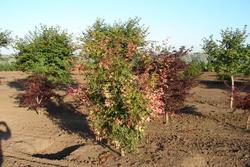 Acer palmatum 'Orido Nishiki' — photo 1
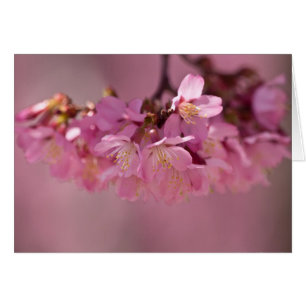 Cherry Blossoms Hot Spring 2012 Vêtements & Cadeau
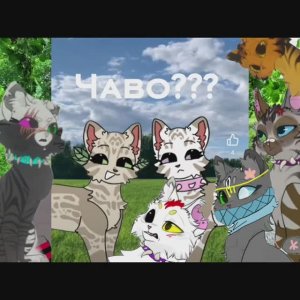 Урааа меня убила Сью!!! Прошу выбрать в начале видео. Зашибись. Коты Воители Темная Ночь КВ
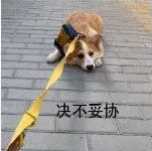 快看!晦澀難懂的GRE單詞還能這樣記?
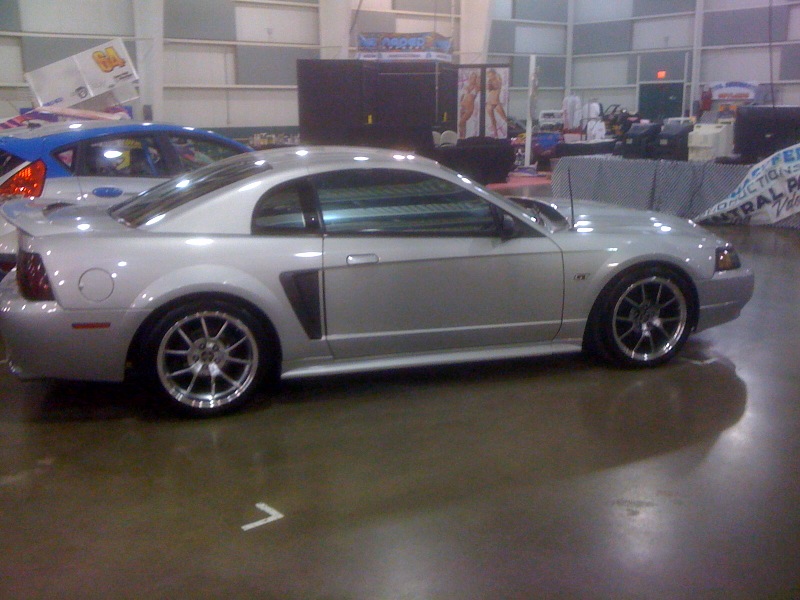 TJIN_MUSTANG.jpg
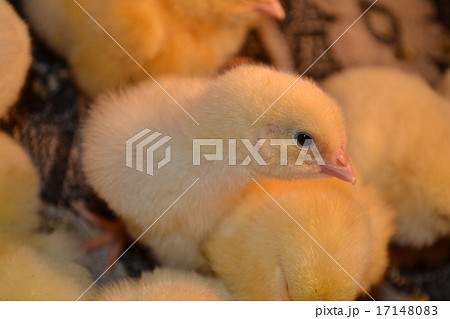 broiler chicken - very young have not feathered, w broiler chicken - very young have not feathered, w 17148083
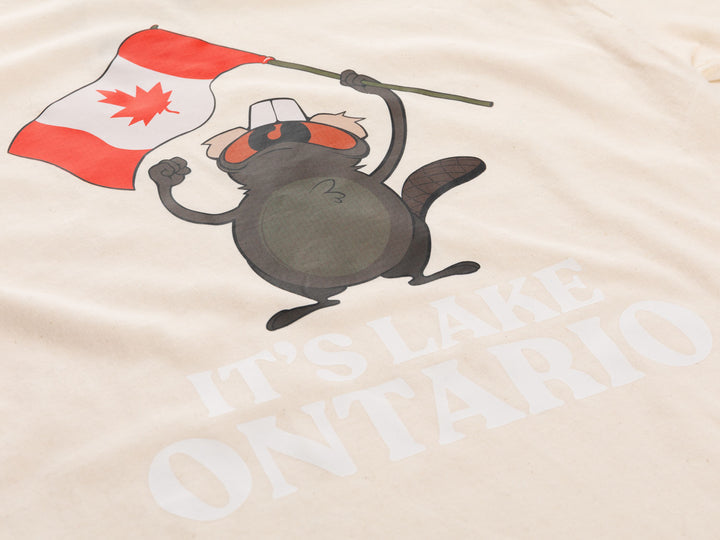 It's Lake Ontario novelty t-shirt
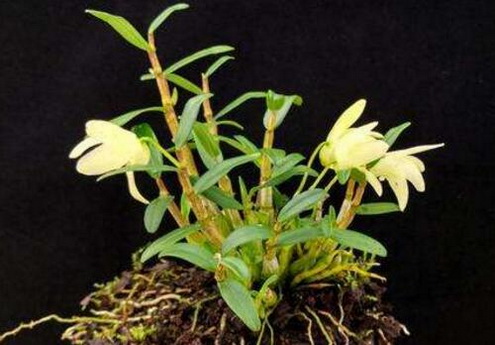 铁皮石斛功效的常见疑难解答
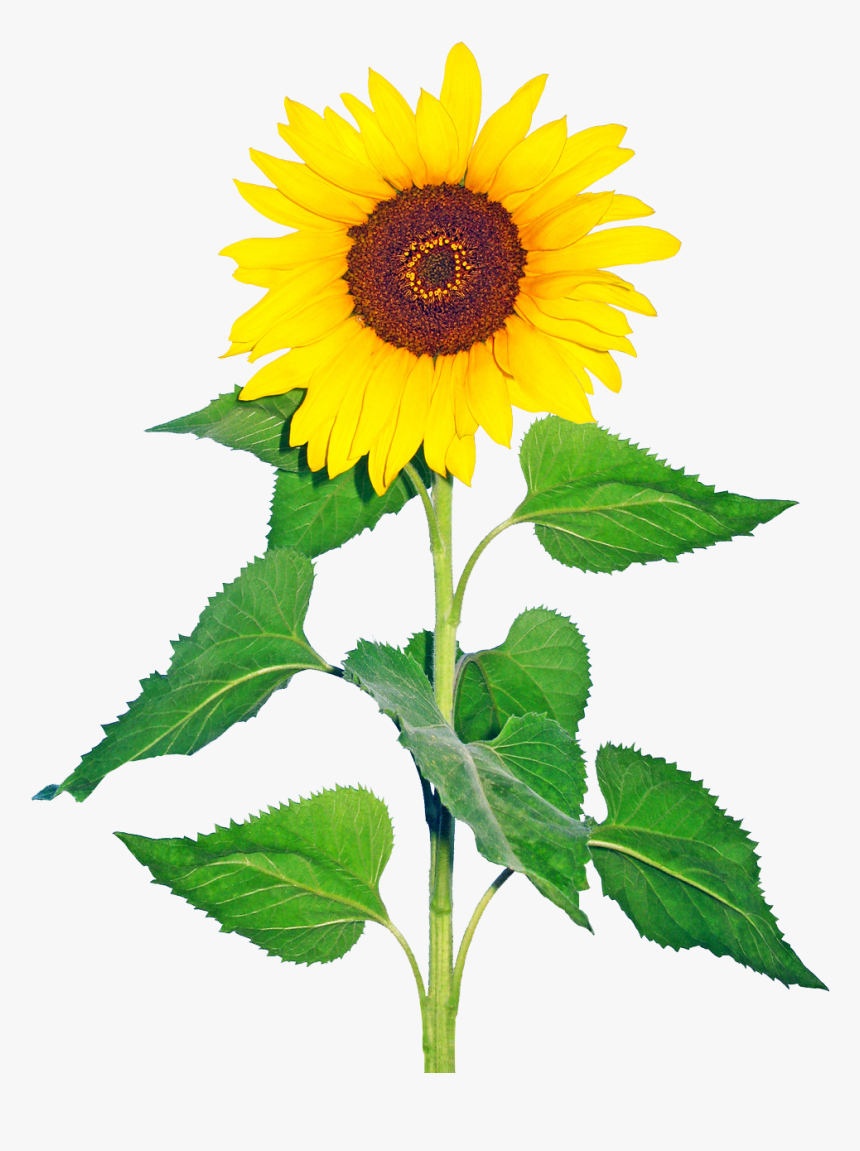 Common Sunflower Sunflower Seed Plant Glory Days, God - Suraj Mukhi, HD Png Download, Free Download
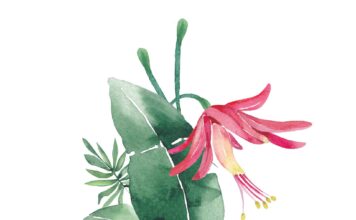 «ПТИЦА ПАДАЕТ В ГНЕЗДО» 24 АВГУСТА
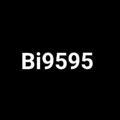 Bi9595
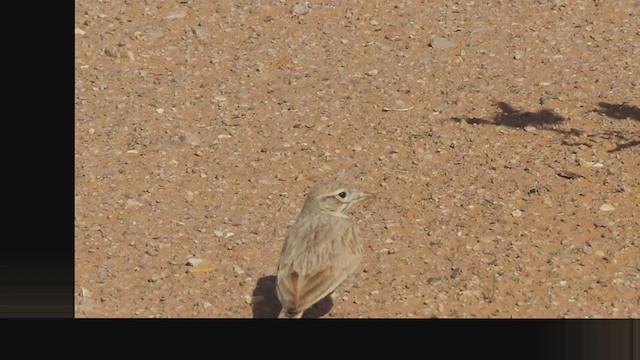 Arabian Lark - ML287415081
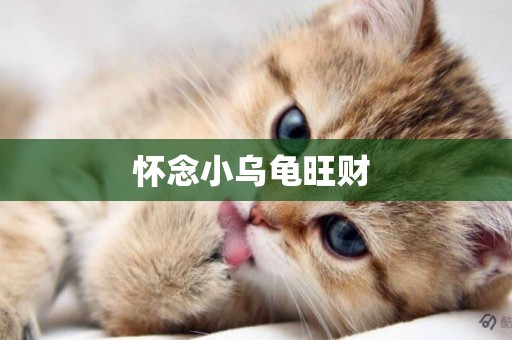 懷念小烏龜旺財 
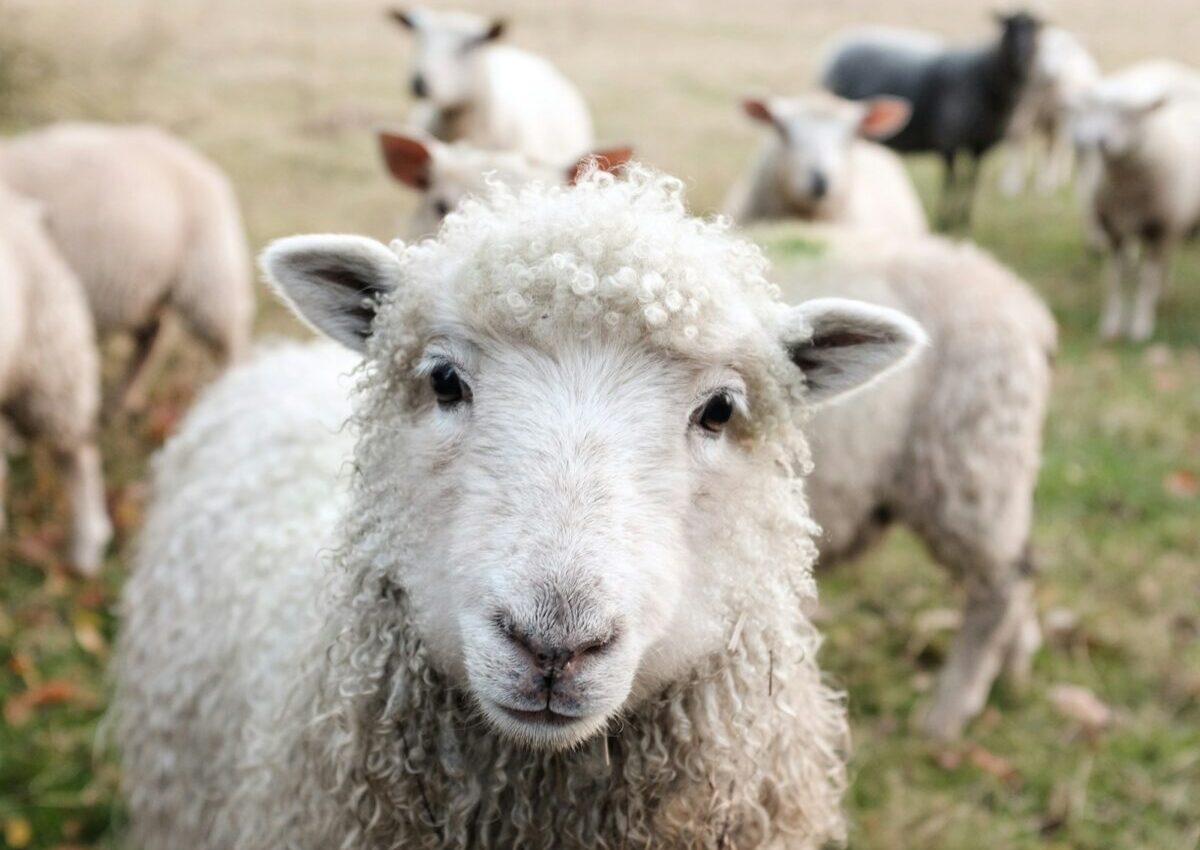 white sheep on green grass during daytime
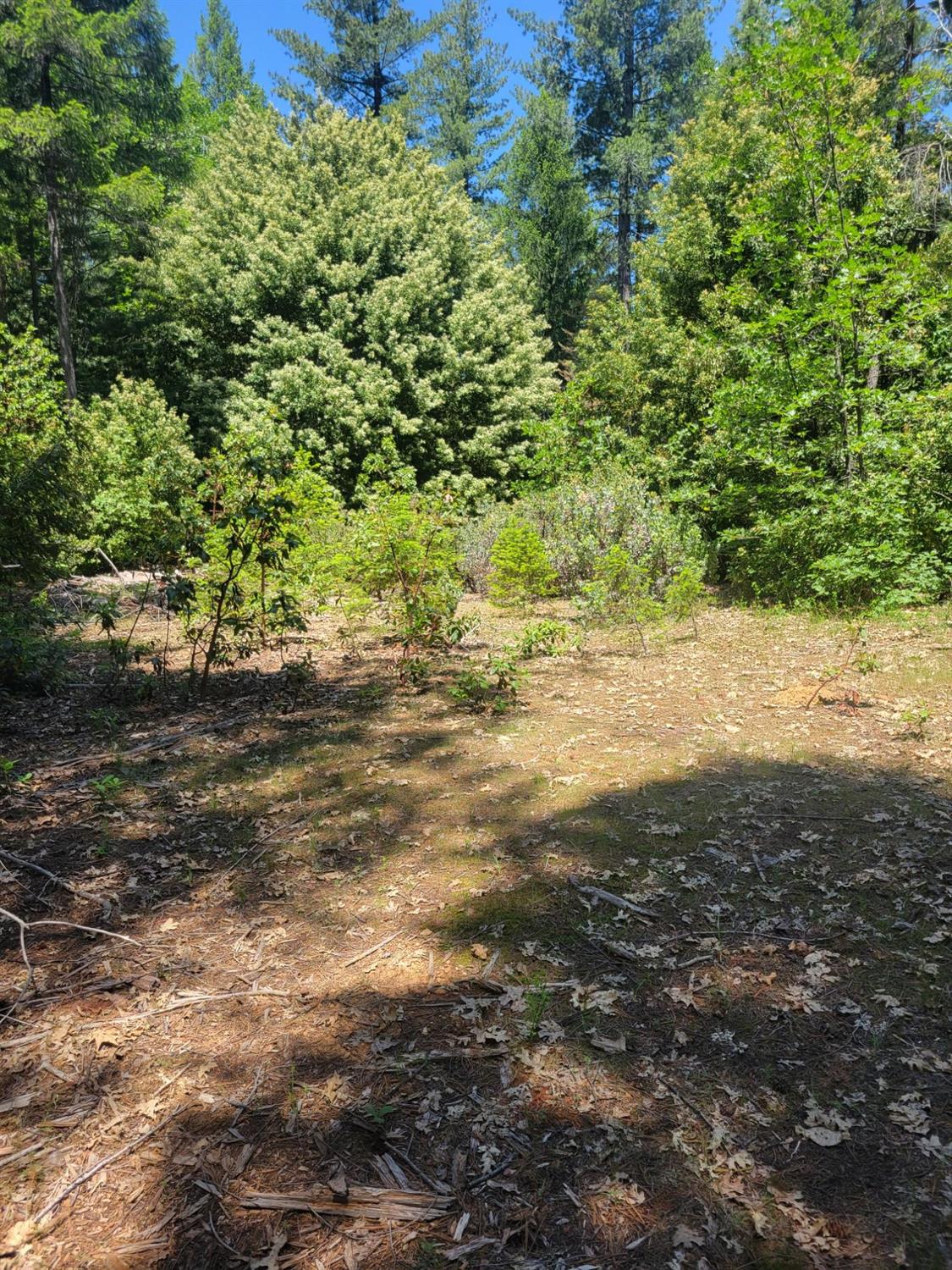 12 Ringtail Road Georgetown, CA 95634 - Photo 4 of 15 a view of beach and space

⁂

## Task description
Output the records above as they stand, from the first line to the line with "铁皮石斛功效的常见疑难解答", inclusive, and exclude the pictures.

## Response to the task
 Acer palmatum 'Orido Nishiki' — photo 1
 Cherry Blossoms Hot Spring 2012 Vêtements & Cadeau
 Урааа меня убила Сью!!! Прошу выбрать в начале видео. Зашибись. Коты Воители Темная Ночь КВ
 快看!晦澀難懂的GRE單詞還能這樣記?
 TJIN_MUSTANG.jpg
 broiler chicken - very young have not feathered, w broiler chicken - very young have not feathered, w 17148083
 It's Lake Ontario novelty t-shirt
 铁皮石斛功效的常见疑难解答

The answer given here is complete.